* Exercise description:
Answer with the exact lines of the following material from the one containing "2014 Nissan Altima" through the one containing "Usado Peugeot 208", both end lines included.

━━━━━ Listed entries ━━━━━

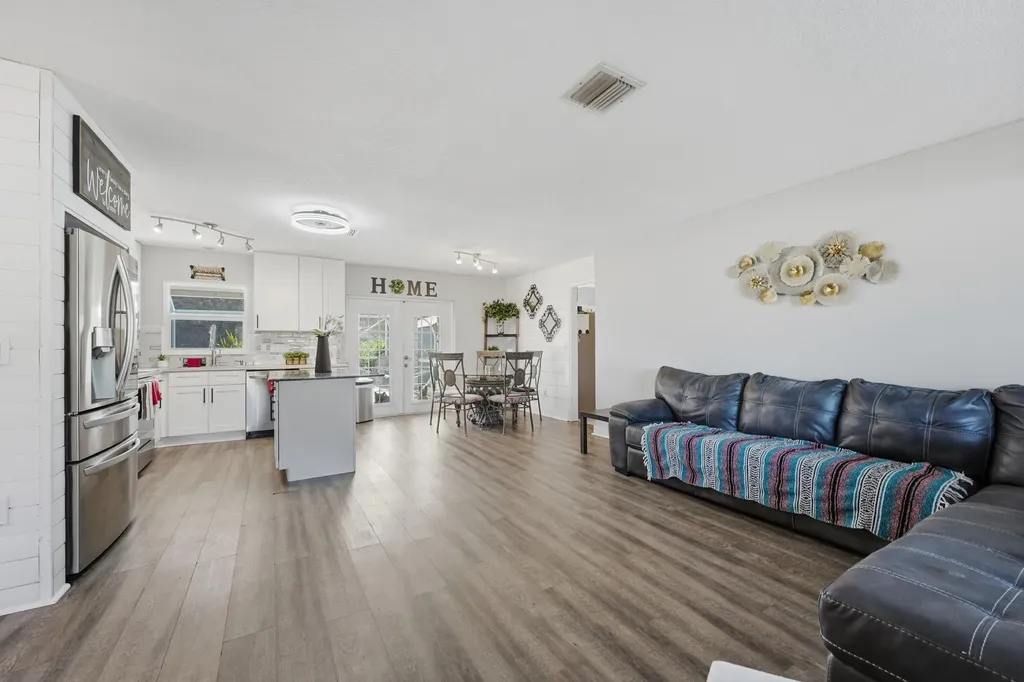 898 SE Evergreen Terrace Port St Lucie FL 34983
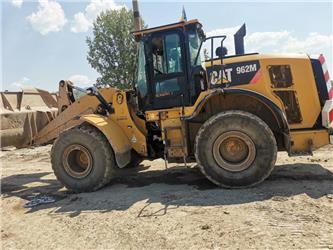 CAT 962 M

━━━━━
━━━━━ Listed entries ━━━━━

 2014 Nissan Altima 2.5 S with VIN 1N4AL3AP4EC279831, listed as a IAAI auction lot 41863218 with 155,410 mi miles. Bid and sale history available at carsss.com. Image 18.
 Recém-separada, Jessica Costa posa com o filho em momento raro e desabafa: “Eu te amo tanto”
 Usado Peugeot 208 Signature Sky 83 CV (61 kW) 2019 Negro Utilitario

━━━━━

* Reply to the task:
 2014 Nissan Altima 2.5 S with VIN 1N4AL3AP4EC279831, listed as a IAAI auction lot 41863218 with 155,410 mi miles. Bid and sale history available at carsss.com. Image 18.
 Recém-separada, Jessica Costa posa com o filho em momento raro e desabafa: “Eu te amo tanto”
 Usado Peugeot 208 Signature Sky 83 CV (61 kW) 2019 Negro Utilitario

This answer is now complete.